I understand why it's done. I'm a hiring manager myself and know that taking someone from a competitor makes for easier onboarding. There's less subject matter training and it also offers some insight into how businesses in our space are doing things.
Diversity is great for performance
But if that's all we did, we're never going to get a more diverse perspective. It stifles innovation and limits new ideas from people if we have nobody to question why things are the way they are.
By setting hiring requirements exclusively limited to your industry, you inadvertently restrict the talent pool to a much smaller size. Although we may currently have a surplus of candidates in the market, allowing for inclusion from other industries can introduce individuals with a more diverse skillset. These candidates can bring fresh ideas and a broader range of skills above and beyond what you thought you needed.
This diverse pool of candidates will also be more motivated by the challenge of getting to grips with a new industry.
Let's say you're a Senior Designer working for a retail business, what's the incentive to move into the same role with another retailer aside from a little bit more money? The commute, maybe. More flexibility, sure. But otherwise, looking for a like-for-like employee from your own industry means you'll be making a sideways move that is unlikely to be in anyone's long-term interests.
The grass is not always greener
Another deterrent to hiring from another industry seems to be the perceived notion that the pace of things elsewhere is far slower.
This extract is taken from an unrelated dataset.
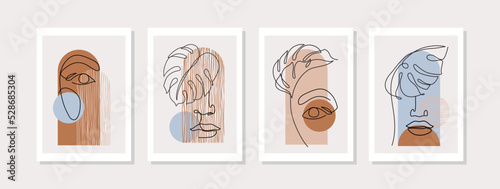 Abstract continuous woman face parts, tropical leaves, geometric shapes poster set in 1950 mid century style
But guess what? Every industry thinks the same about their own industry! Pace can be different in every business regardless of industry but, on the whole, we're all busy. We've all got deadlines and things that were needed yesterday. You're not the only ones managing a high workload.
Urgent hiring is counterproductive
One of the other key issues is that hiring is often an afterthought. Usually, there's been a resignation leaving a gap with an immediate need to fill. Projects are on the go and a replacement has to hit the ground running. The line manager and all of the remaining team members are already stretched so nobody has time to properly train or bring someone new, with no industry experience up to speed.
Proper workforce planning, robust onboarding processes, and solid L&D programs are all ways you can alleviate this issue.
If you want to stay ahead of the competition and create a successful team/business you need to be open to hiring talent from all industries. Be open to candidates with different backgrounds and experiences, look for candidates who have a proven track record of success in other industries, be willing to put the time and effort into train and mentor new employees, and create a company culture that is welcoming to people from all walks of life. By doing so, you can open up your talent pool and hire the best people for your company, regardless of their industry experience, who might just add that little bit extra.